K-NN Algorithm (Training and Testing Data

Roopa1i_ma1hotra · July 13, 2020, 1:12pm

what is the use of coverting matrix into training and testing data??

CrazyRabbit · July 13, 2020, 1:22pm

I’ll assume that you’re asking about why splitting into train and test set is important.

The answer is to avoid bias when evaluating our model. For example, if you train a very complex model on limited data, there is a probability that our model just learns the outputs of the training set without understanding any underlying pattern. In that case, when evaluating the model on the training data, it will give excellent results (because it simply recalled those examples along with their noise). This type of model, when presented with new unseen data won’t be able to give any reasonable output because it failed to learn from the previous data.
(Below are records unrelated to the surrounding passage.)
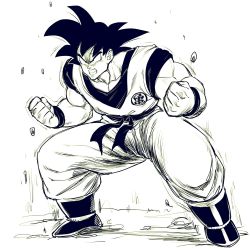 Rule 34 | 1boy, clenched hands, clenched teeth, dougi, dragon ball, dragonball z, fighting stance, full body, greyscale, highres, male focus, monochrome, muscular, pectorals, rock, serious, solo, son goku, spacezin, teeth, wristband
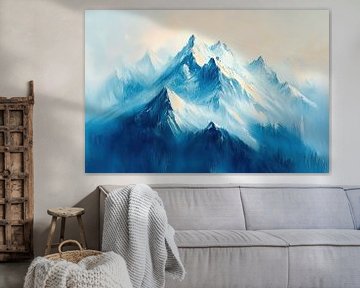 Abstracte Bergketen | Peak Whispers van Abstract Schilderij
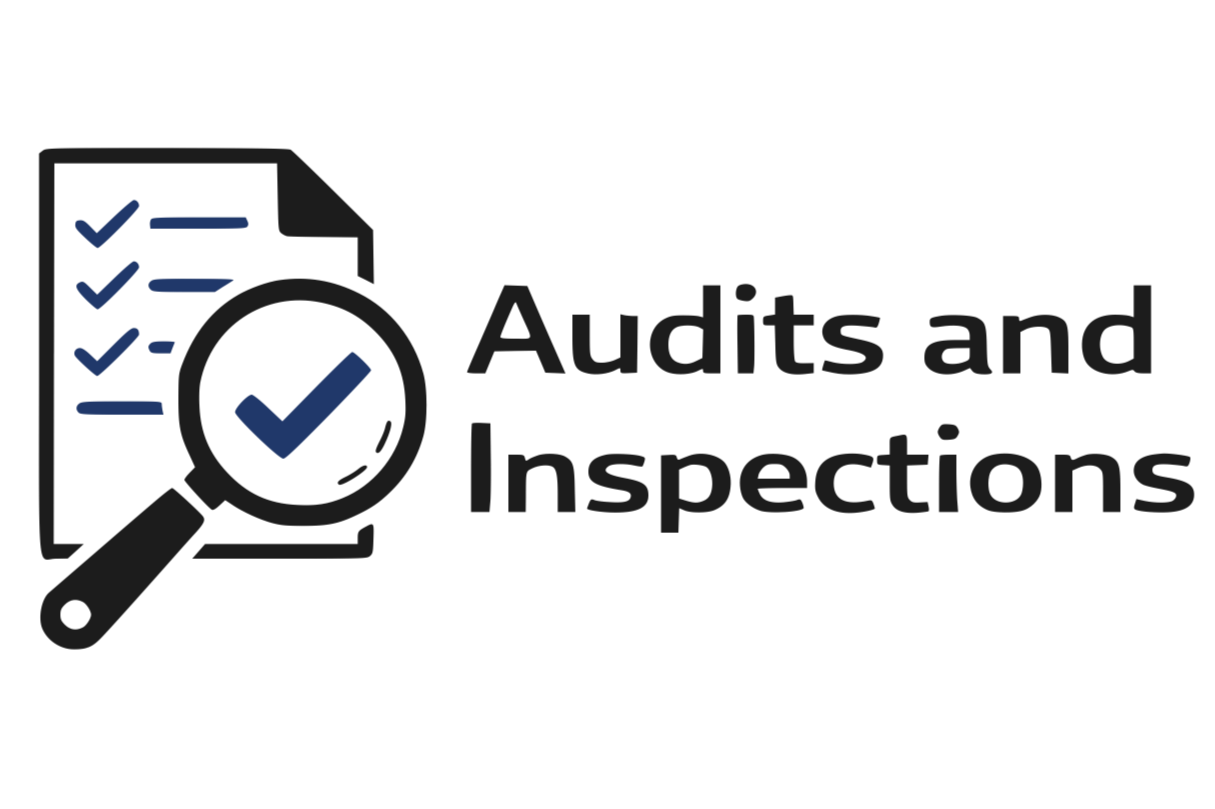 Icon of a document with checkmarks, a magnifying glass highlighting a checkmark, and the text "Audits and Inspections."
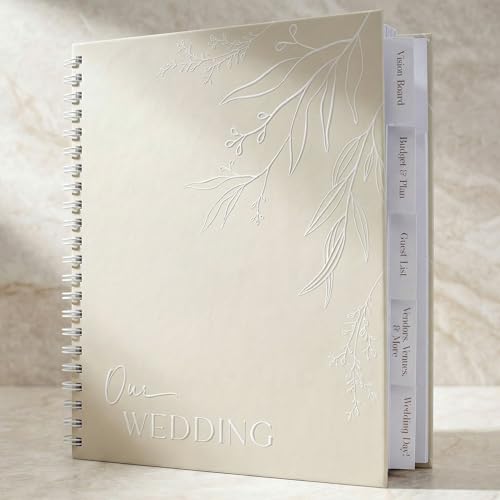 Beautiful Minimalistic Wedding Planner Book and Organizer - Enhance Excitement and Makes Your Countdown Planning Easy - Unique Engagement Gift for Newly Engaged Couples Future Brides and Grooms
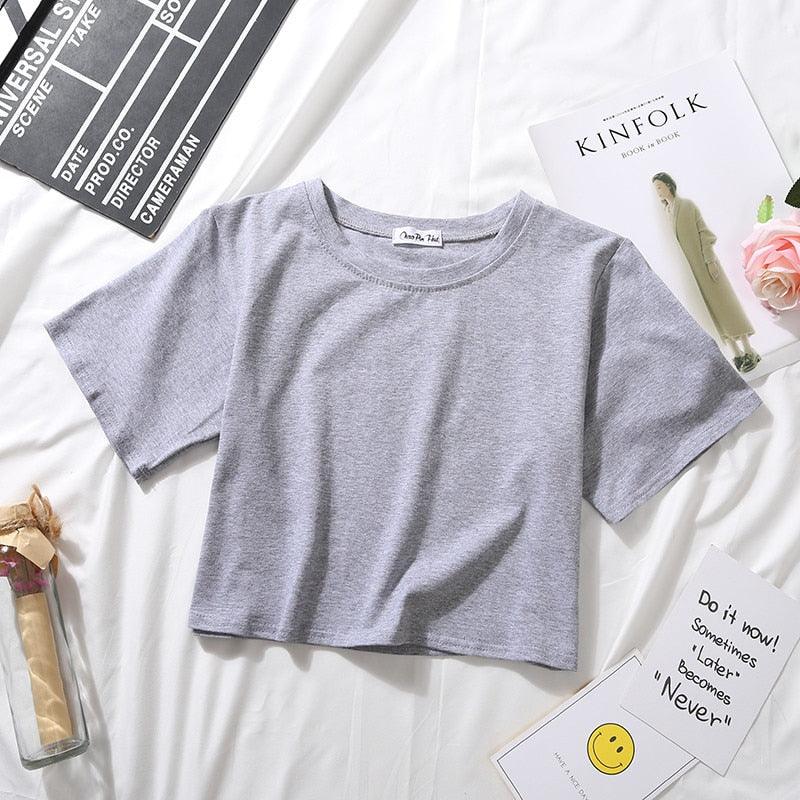 Loose Crop Top Collection - Gray / S Shirt - Femboy Fatale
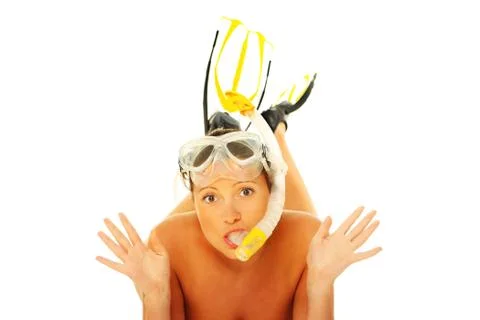Ready for snorkeling Stock Photos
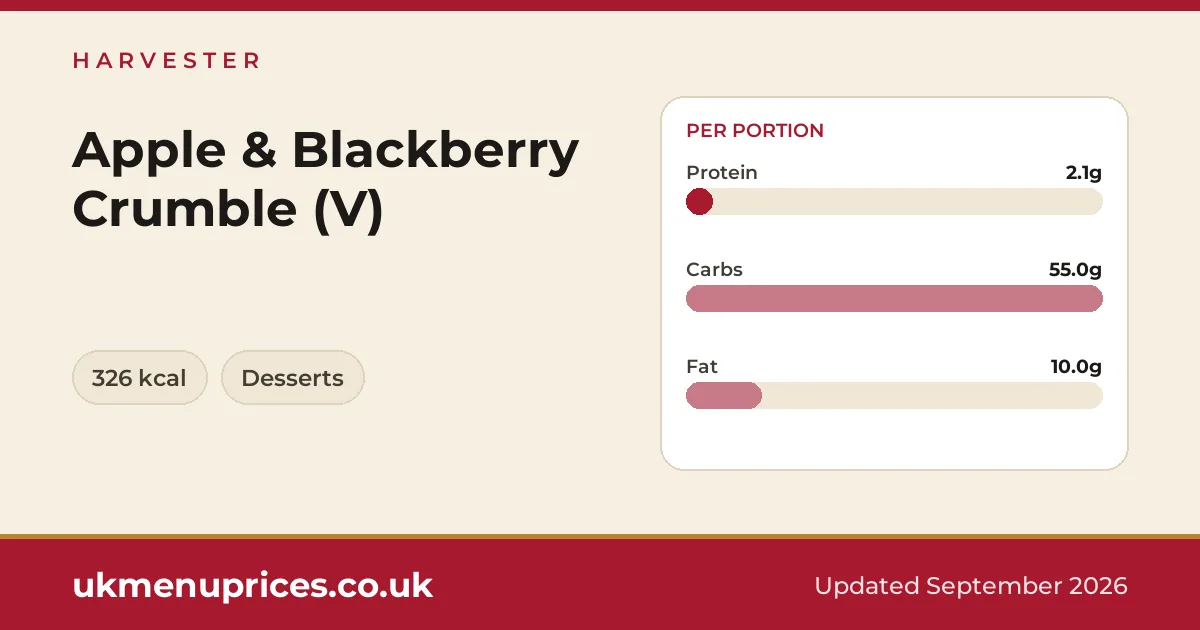 Harvester Apple & Blackberry Crumble (V)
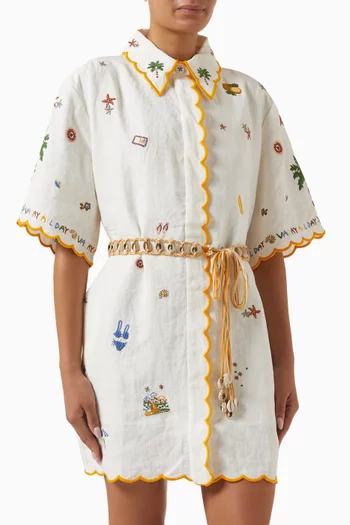 Vacay All-day Shirt Mini Dress in Linen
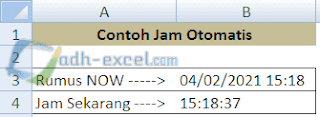 Membuat Jam Sekarang Otomotis di Excel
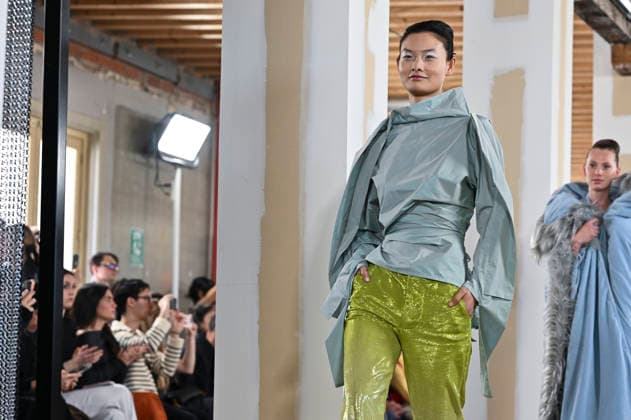 February 28, 2026, Madrid, Spain: A model walks the runway wearing a design by Ernesto Naranjo during Mercedes-Benz Fashion Week de Madrid at Palacio Fernaz Nunoz. Madrid Spain  - ZUMAs197 20260228_aaa_s197_2437 Copyright: xAtilanoxGarciax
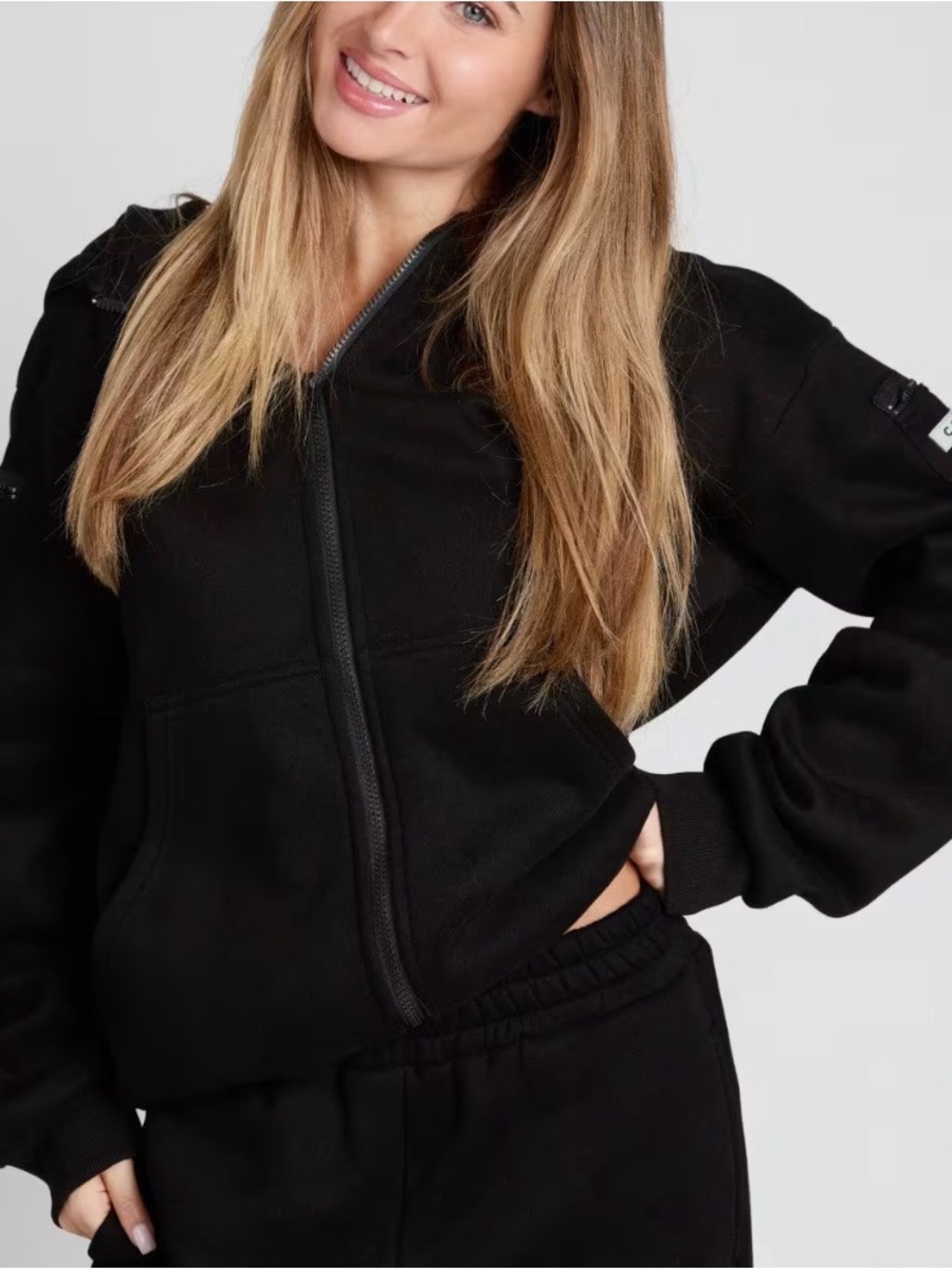 Black Women’s Zip-Up Bomber Hoodie Jacket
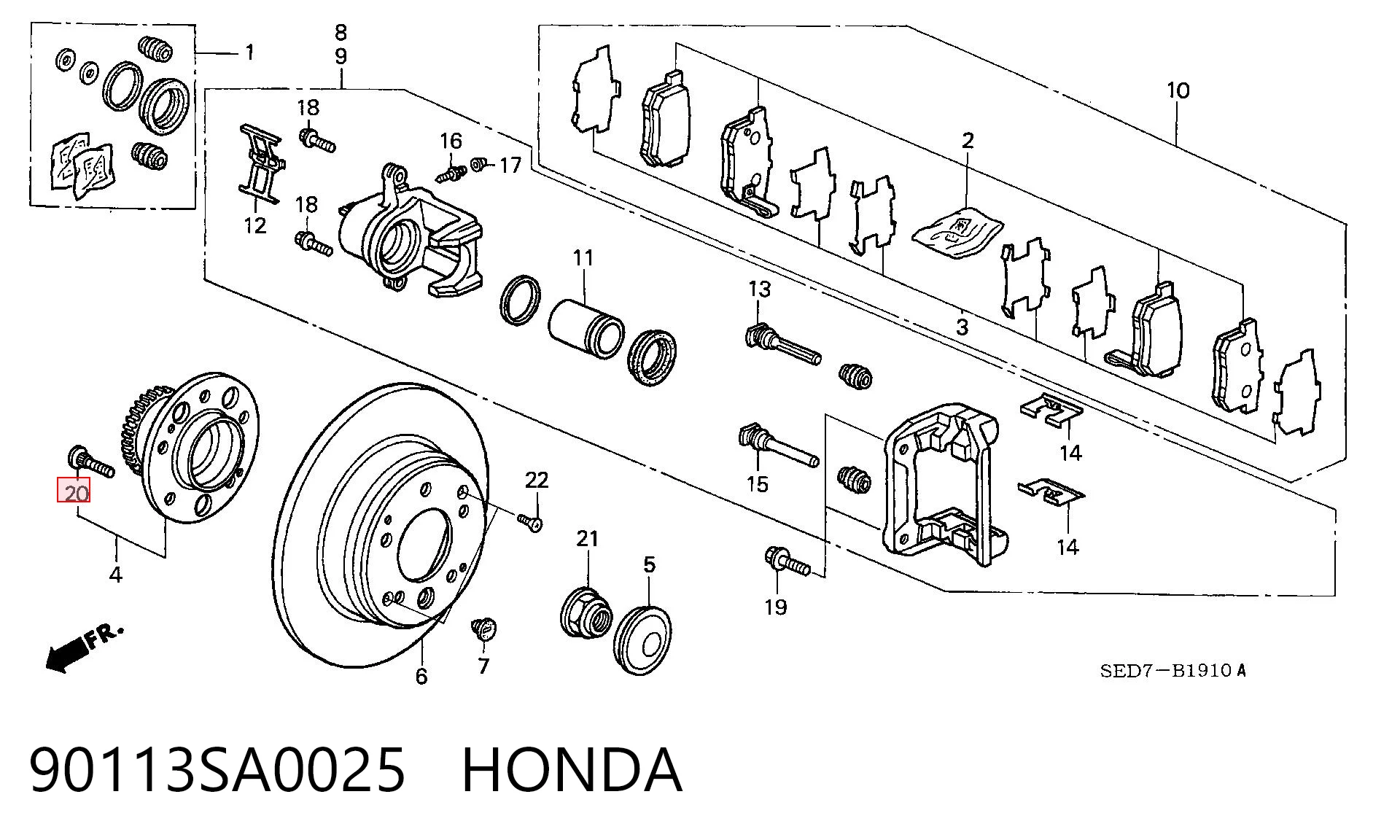 90113SA0025 Honda Болт кріплення колеса задній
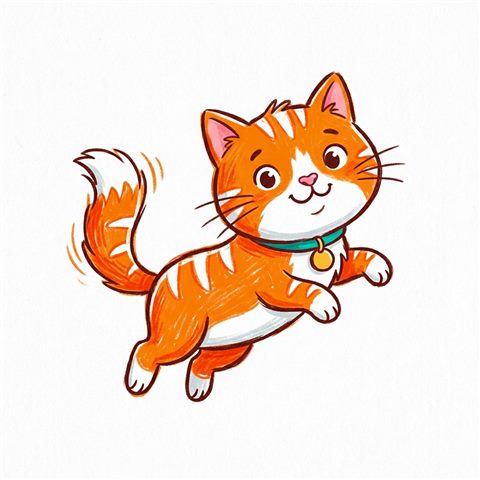 Cute hand-drawn illustration on a plain white background of a cute cat, simple icon-like composition, vivid colors, high contrast, energetic, 1:1 aspect ratio
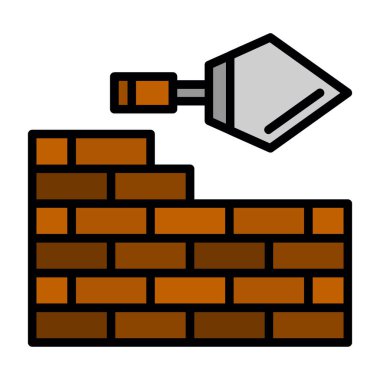 Basit tuğla duvar simgesi, vektör illüstrasyonu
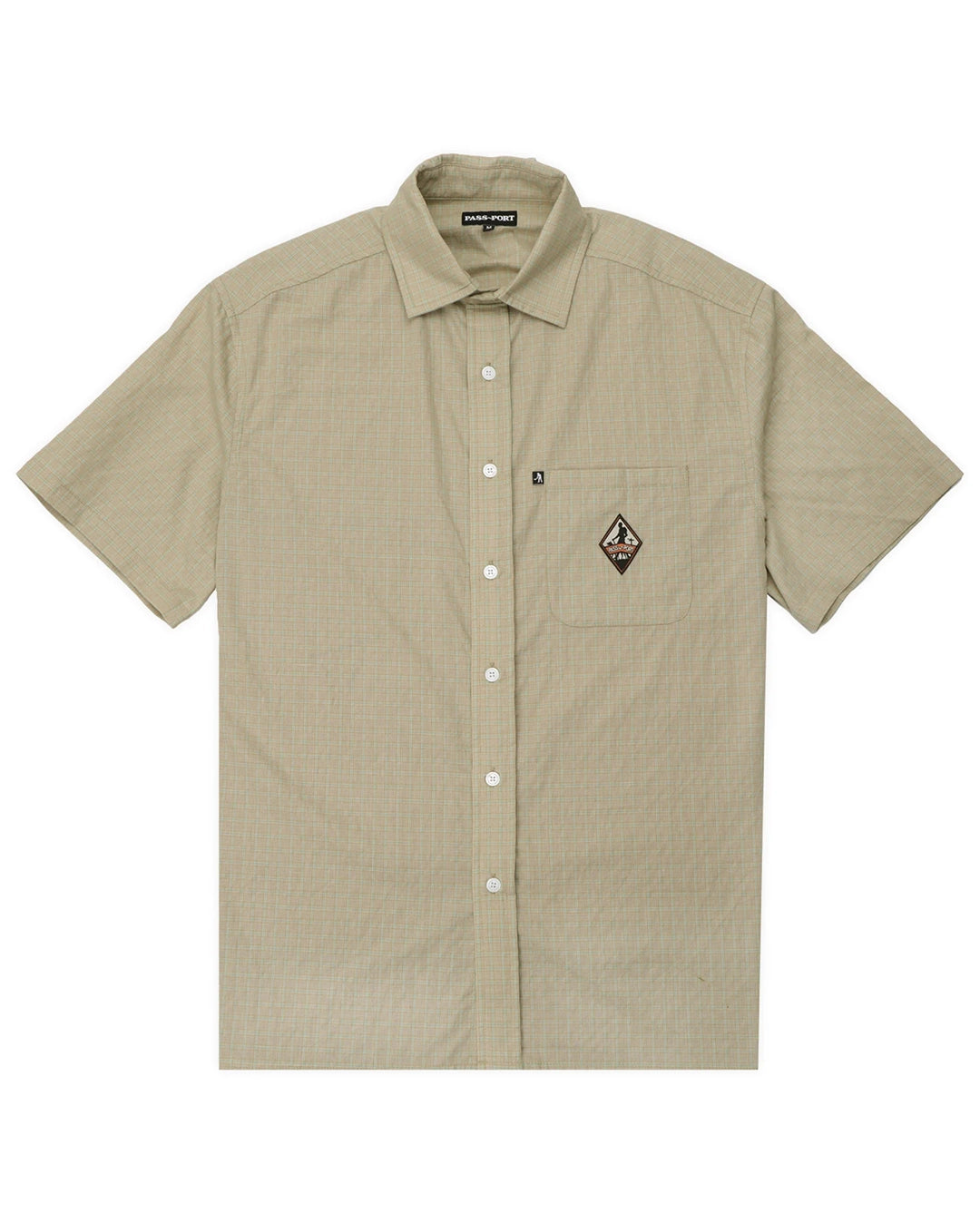Wanderer Workers Check Shirt Short Sleeve - Khaki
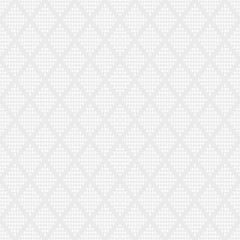 Abstract seamless pattern of checkered rhombuses. White and gray geometric texture. Vector background.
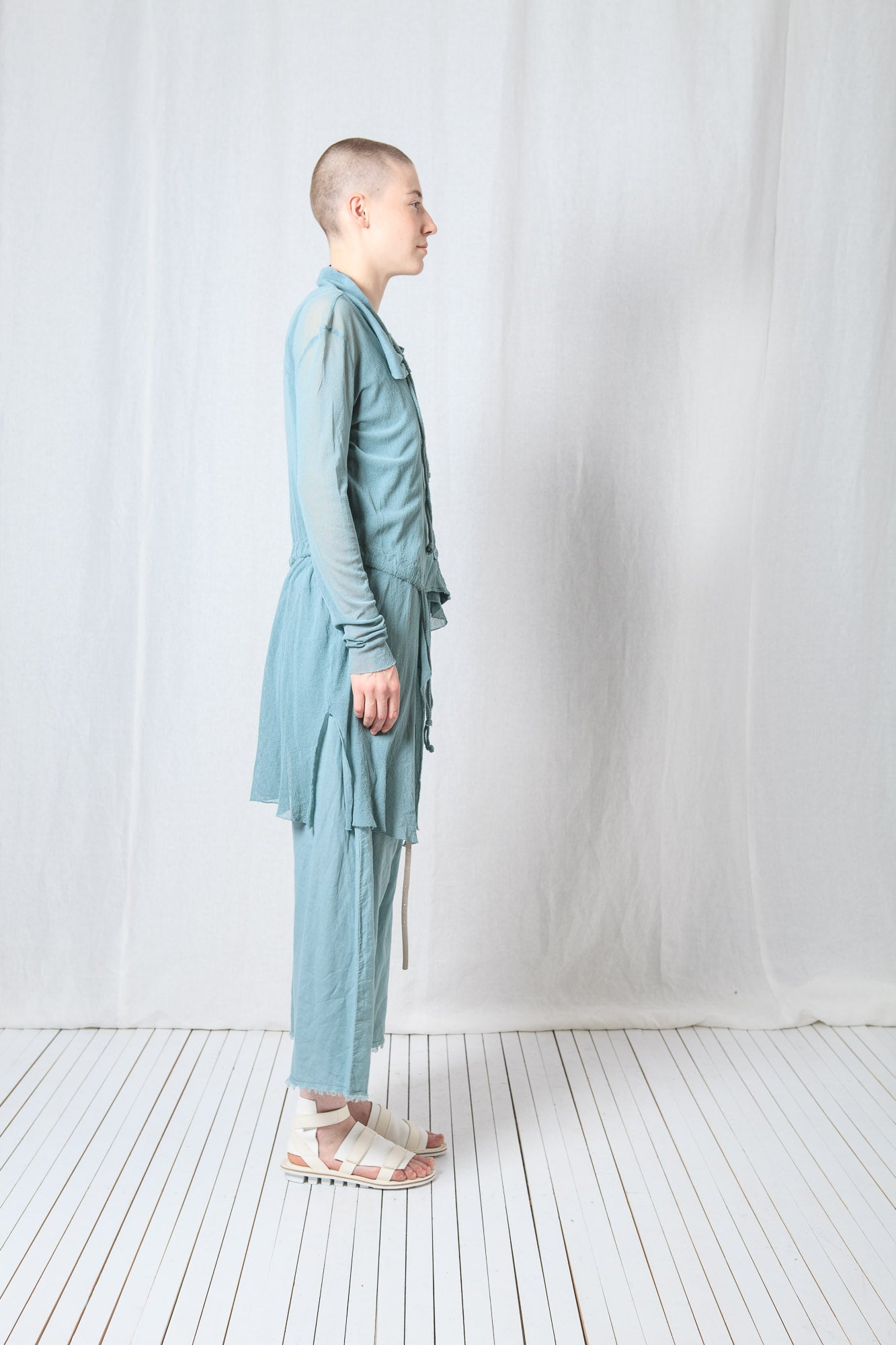 Sheer Draped Coat_Organic Cotton Mesh (GOTS)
To make sure these type of things doesn’t happen in our models (Over–fitting and such), we always keep a separate set of data just for evaluation (The Test and Validation Set).

Hope this helps!

Roopa1i_ma1hotra · July 13, 2020, 3:58pm

can you please enlighten me about test set specifically? how is it helping?

CrazyRabbit · July 13, 2020, 4:02pm

It is there to detect Over-Fitting. Your model has never seen the test data before. If the model performs well on the test data, then we can assume that our model will work good on new unseen data and is actually learning from the training data and not just remembering everything.